1) Son rôle de culture nationale consistera, en premier lieu
à rendre à la langue arabe, expression même des valeurs
culturelles de notre pays, sa dignité et son efficacité en tant que
langue de civilisation. Pour cela, elle s’appliquera à
reconstituer, à revaloriser et à faire connaître le patrimoine
national et son double humanisme classique et moderne afin de les
réintroduire dans la vie intellectuelle et d’éducation de la
sensibilité populaire. Elle combat ainsi le cosmopolitisme culturel
et l’imprégnation occidentale qui ont contribué à inculquer à
beaucoup d’Algériens le mépris de leur langue, de leurs valeurs
nationales.
2) En tant que culture révolutionnaire, elle contribuera à
l’œuvre d’émancipation du peuple qui consiste à liquider les
séquelles du féodalisme, les mythes antisociaux et les habitudes
d’esprit rétrogrades et conformistes. Elle ne sera ni une culture de
caste fermée au progrès ni un luxe de l’esprit. Populaire et
militante elle éclairera la lutte des masses dans le combat
politique et social sous toutes ses formes. Par sa conception de
culture active au service de la société, elle aidera au
développement de la conscience révolutionnaire en reflétant sans
cesse les peuple, ses réalités et ses conquêtes nouvelles, ainsi que
toutes les formes de ses traditions artistiques.

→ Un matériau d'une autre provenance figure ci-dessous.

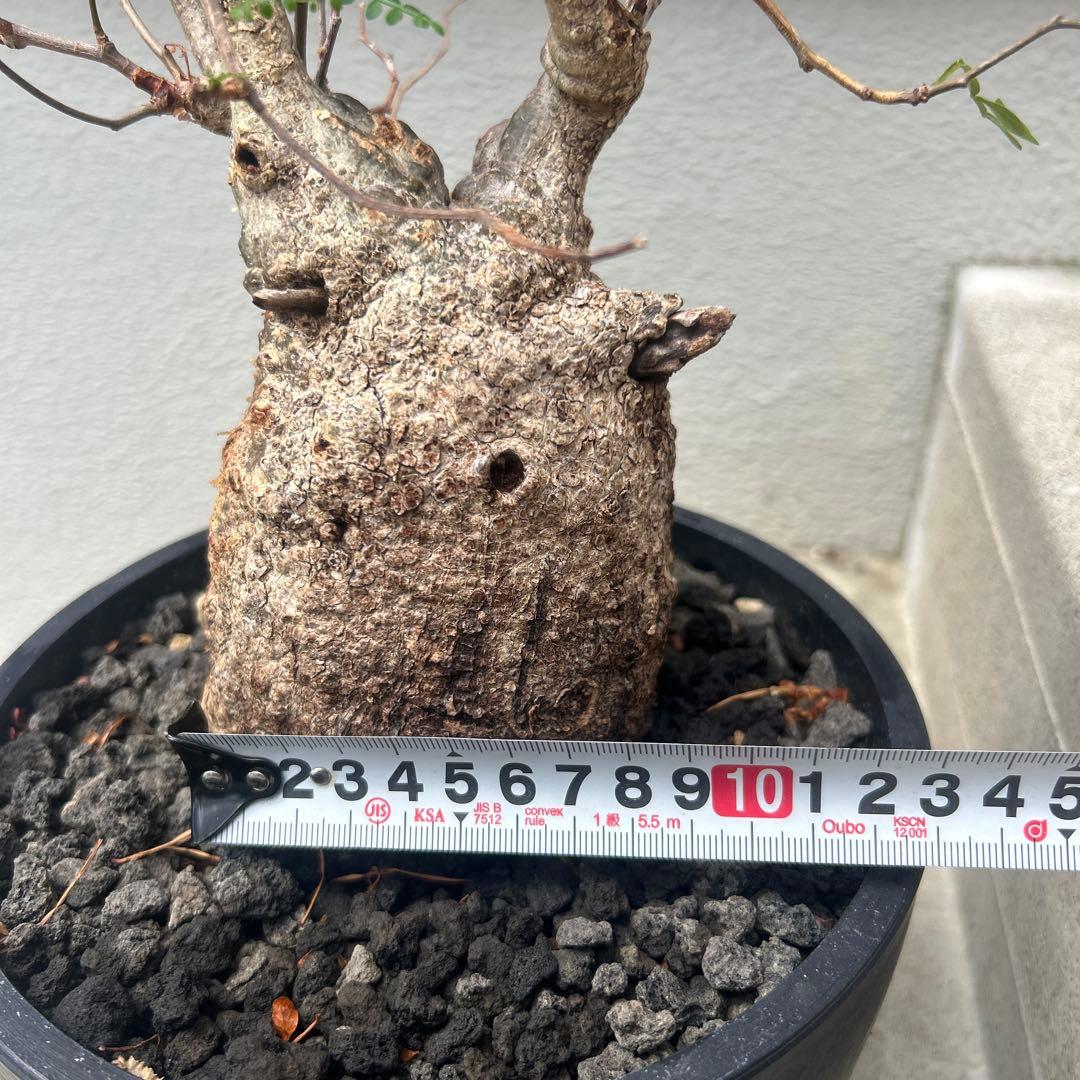 塊根植物 パキプス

3) Culture scientifique dans ses moyens et sa portée, la
culture algérienne devra se définir en fonction de son caractère
rationnel, de son équipement technique, de l’esprit de recherche qui
l’anime et de sa diffusion méthodique et généralisée à tous les
échelons de la société.
27– De là découle la nécessité de renoncer aux conceptions
routinières qui pourraient entraver l’effort créateur et paralyser
l’enseignement en aggravant l’obscurantisme hérité de la domination
coloniale. Cette nécessité s’impose, d’autant plus que la langue
a subi un tel retard comme instrument de culture scientifique
moderne qu’il faudra la promouvoir, dans son rôle futur, par des
moyens rigoureusement concrets et perfectionnés.